▸ Data for analysis

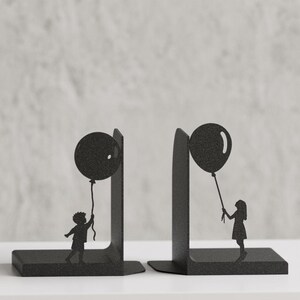 May include: A pair of black metal bookends featuring a silhouette design. One bookend depicts a child holding a balloon, while the other shows a person holding a balloon. The metal has a textured finish and a sturdy L-shaped base for support.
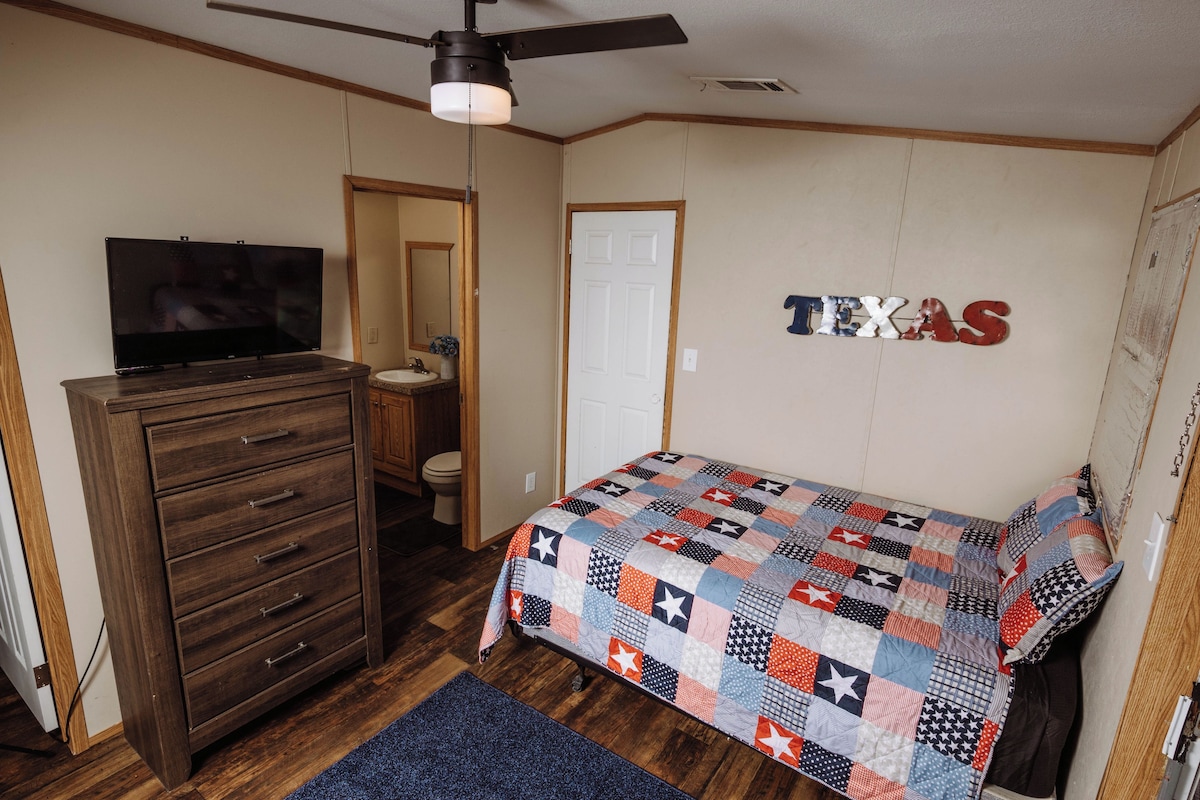 A bedroom with a wooden dresser, a television, a bed with a quilt, and a door labeled 'TEXAS'.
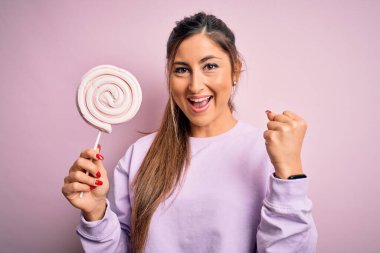 Genç, güzel esmer kadın pembe arka planda şeker yerken gururla bağırıyor, zaferi ve başarıyı kutluyor. Çok heyecanlı, coşkulu bir duygu.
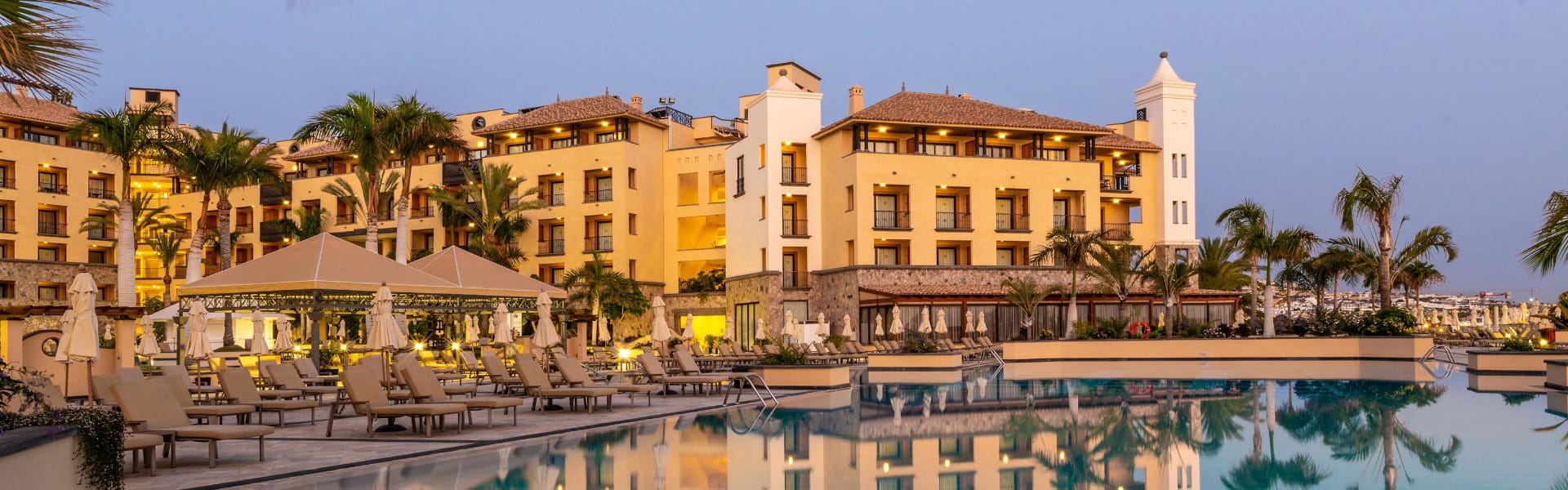Hotel-Schwimmbad bei Sonnenuntergang auf Teneriffa, mit Liegeplätzen und Palmen rundherum.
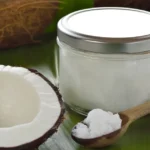 Coconut Oil: Nutrition Profile and Potential Health Effects A spoon of coconut oil next to a jar full of coconut oil.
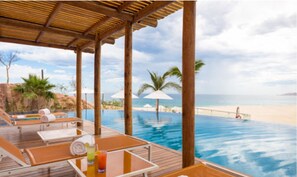 Covered pools chairs by swim up bar at beachside pool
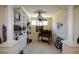 This charming office boasts custom built-ins, elegant trim, and a unique ceiling fan for added character at 6026 Southland Dr, Stone Mountain, GA 30087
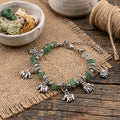 Green Stone Elephant Charm Bracelet for Women, Thai Handmade, Monk Blessed | Artisan Meadow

▸ What the task requires
Give again, word for word, every line from the top of the entries above to the line holding "Hotel-Schwimmbad bei Sonnenuntergang", both included. Leave the pictures out.

▸ Exercise result
 May include: A pair of black metal bookends featuring a silhouette design. One bookend depicts a child holding a balloon, while the other shows a person holding a balloon. The metal has a textured finish and a sturdy L-shaped base for support.
 A bedroom with a wooden dresser, a television, a bed with a quilt, and a door labeled 'TEXAS'.
 Genç, güzel esmer kadın pembe arka planda şeker yerken gururla bağırıyor, zaferi ve başarıyı kutluyor. Çok heyecanlı, coşkulu bir duygu.
Hotel-Schwimmbad bei Sonnenuntergang auf Teneriffa, mit Liegeplätzen und Palmen rundherum.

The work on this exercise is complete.